Le Mali renforce la sécurité sanitaire de sa filière poisson avec l’adoption officielle de la stratégie nationale de gestion des risques liés aux pesticides et aux hydrocarbures aromatiques polycycliques (HAP). Cette initiative, pilotée par l’Organisation des Nations unies pour l’Alimentation et l’Agriculture (FAO) en collaboration avec le ministère de l’Élevage et de la Pêche, a été validée lors d’un atelier organisé ce mardi à l’hôtel de l’Amitié à Bamako.
Un engagement multisectoriel pour la sécurité alimentaire
L’atelier a réuni une cinquantaine d’experts impliqués dans la gestion de la sécurité sanitaire des aliments, ainsi que des représentants des médias afin d’assurer une diffusion optimale des conclusions. L’objectif principal de cette rencontre était d’officialiser un document stratégique destiné à protéger la santé des consommateurs maliens tout en renforçant la compétitivité du secteur halieutique sur les marchés national et international.

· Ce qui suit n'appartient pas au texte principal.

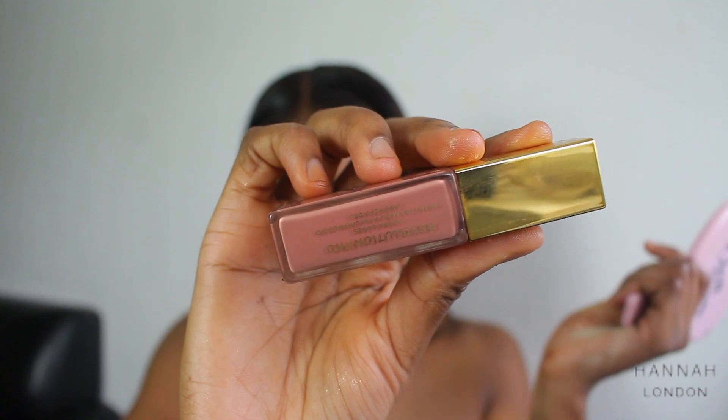Then I'm going to use the Makeup Revolution Hydrogloss in Tainted. Then I take my Sleek Makeup clear lip balm and go on top — but you can just take any clear gloss. And then just to finish everything off I'm using my Morphe Set and Spray.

Une stratégie soutenue par des données scientifiques
Kossibo Abdoul, expert technique à la FAO Mali, a expliqué que la mise en place de cette stratégie a été facilitée par le projet « Promotion des normes et codes d’usage du Codex Alimentarius, notamment dans la filière poisson fumé, et documentation des potentiels effets positifs sur la sécurité sanitaire dans d’autres filières au Mali », financé par le Fonds pour l’application des normes et le développement du commerce (STDF).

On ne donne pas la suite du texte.